■ **Problem description**:
Reproduce each line below precisely. Drop the pictures.

(Stored dataset items)

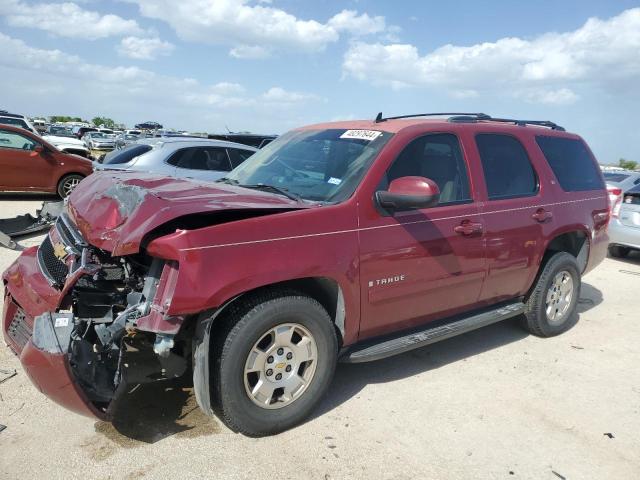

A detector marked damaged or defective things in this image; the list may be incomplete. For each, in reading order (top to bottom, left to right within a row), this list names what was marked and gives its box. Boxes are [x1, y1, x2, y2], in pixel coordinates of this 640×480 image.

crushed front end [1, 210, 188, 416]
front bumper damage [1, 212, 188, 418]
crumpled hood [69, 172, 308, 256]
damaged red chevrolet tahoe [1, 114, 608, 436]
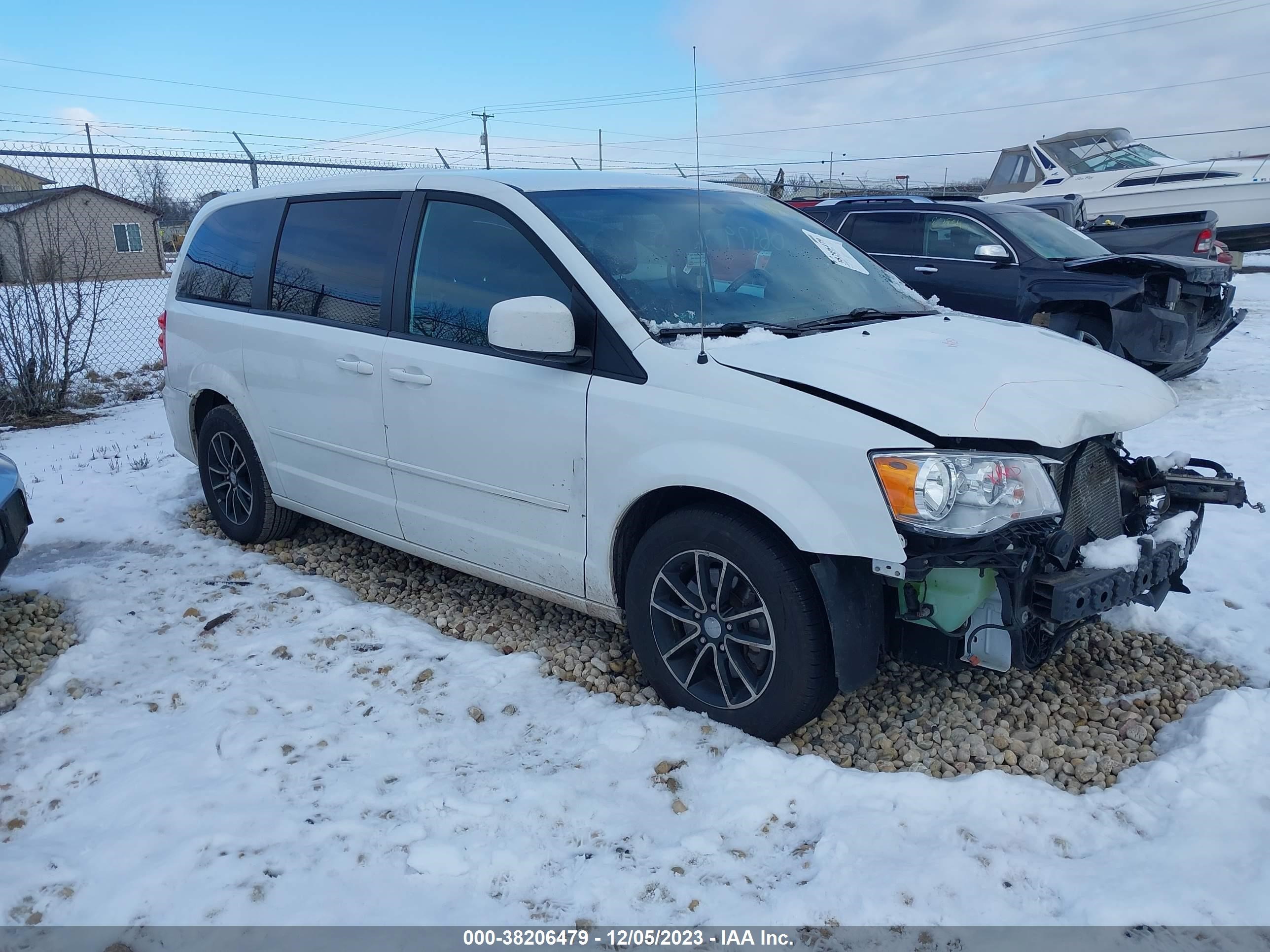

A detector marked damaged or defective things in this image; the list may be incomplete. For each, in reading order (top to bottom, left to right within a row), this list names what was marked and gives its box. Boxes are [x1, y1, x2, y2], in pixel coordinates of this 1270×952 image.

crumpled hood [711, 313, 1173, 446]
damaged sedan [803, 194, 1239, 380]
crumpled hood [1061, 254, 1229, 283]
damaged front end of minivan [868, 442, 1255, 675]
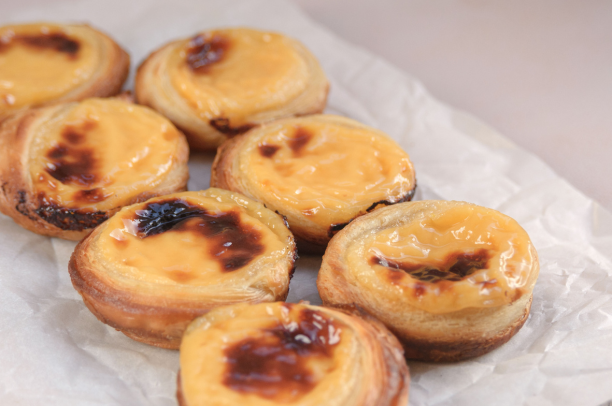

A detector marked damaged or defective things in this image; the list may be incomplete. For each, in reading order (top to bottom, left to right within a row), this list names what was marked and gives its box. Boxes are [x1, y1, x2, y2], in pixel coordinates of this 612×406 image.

■ **Solution to this exercise**:
A detector marked damaged or defective things in this image; the list may be incomplete. For each, in reading order (top to bottom, left to right within a row), this list names what was marked and gives its box. Boxes are [x1, y1, x2, y2], in pixel coordinates of this 640×480 image.

crushed front end [1, 210, 188, 416]
front bumper damage [1, 212, 188, 418]
crumpled hood [69, 172, 308, 256]
damaged red chevrolet tahoe [1, 114, 608, 436]

A detector marked damaged or defective things in this image; the list may be incomplete. For each, in reading order (top to bottom, left to right within a row), this list names what was marked and gives its box. Boxes are [x1, y1, x2, y2], in pixel coordinates of this 1270×952 image.

crumpled hood [711, 313, 1173, 446]
damaged sedan [803, 194, 1239, 380]
crumpled hood [1061, 254, 1229, 283]
damaged front end of minivan [868, 442, 1255, 675]

A detector marked damaged or defective things in this image; the list may be incomplete. For each, in reading order (top to bottom, left to right within a row), this list names what was marked and gives its box. Boxes are [x1, y1, x2, y2], in pixel coordinates of this 612×406 image.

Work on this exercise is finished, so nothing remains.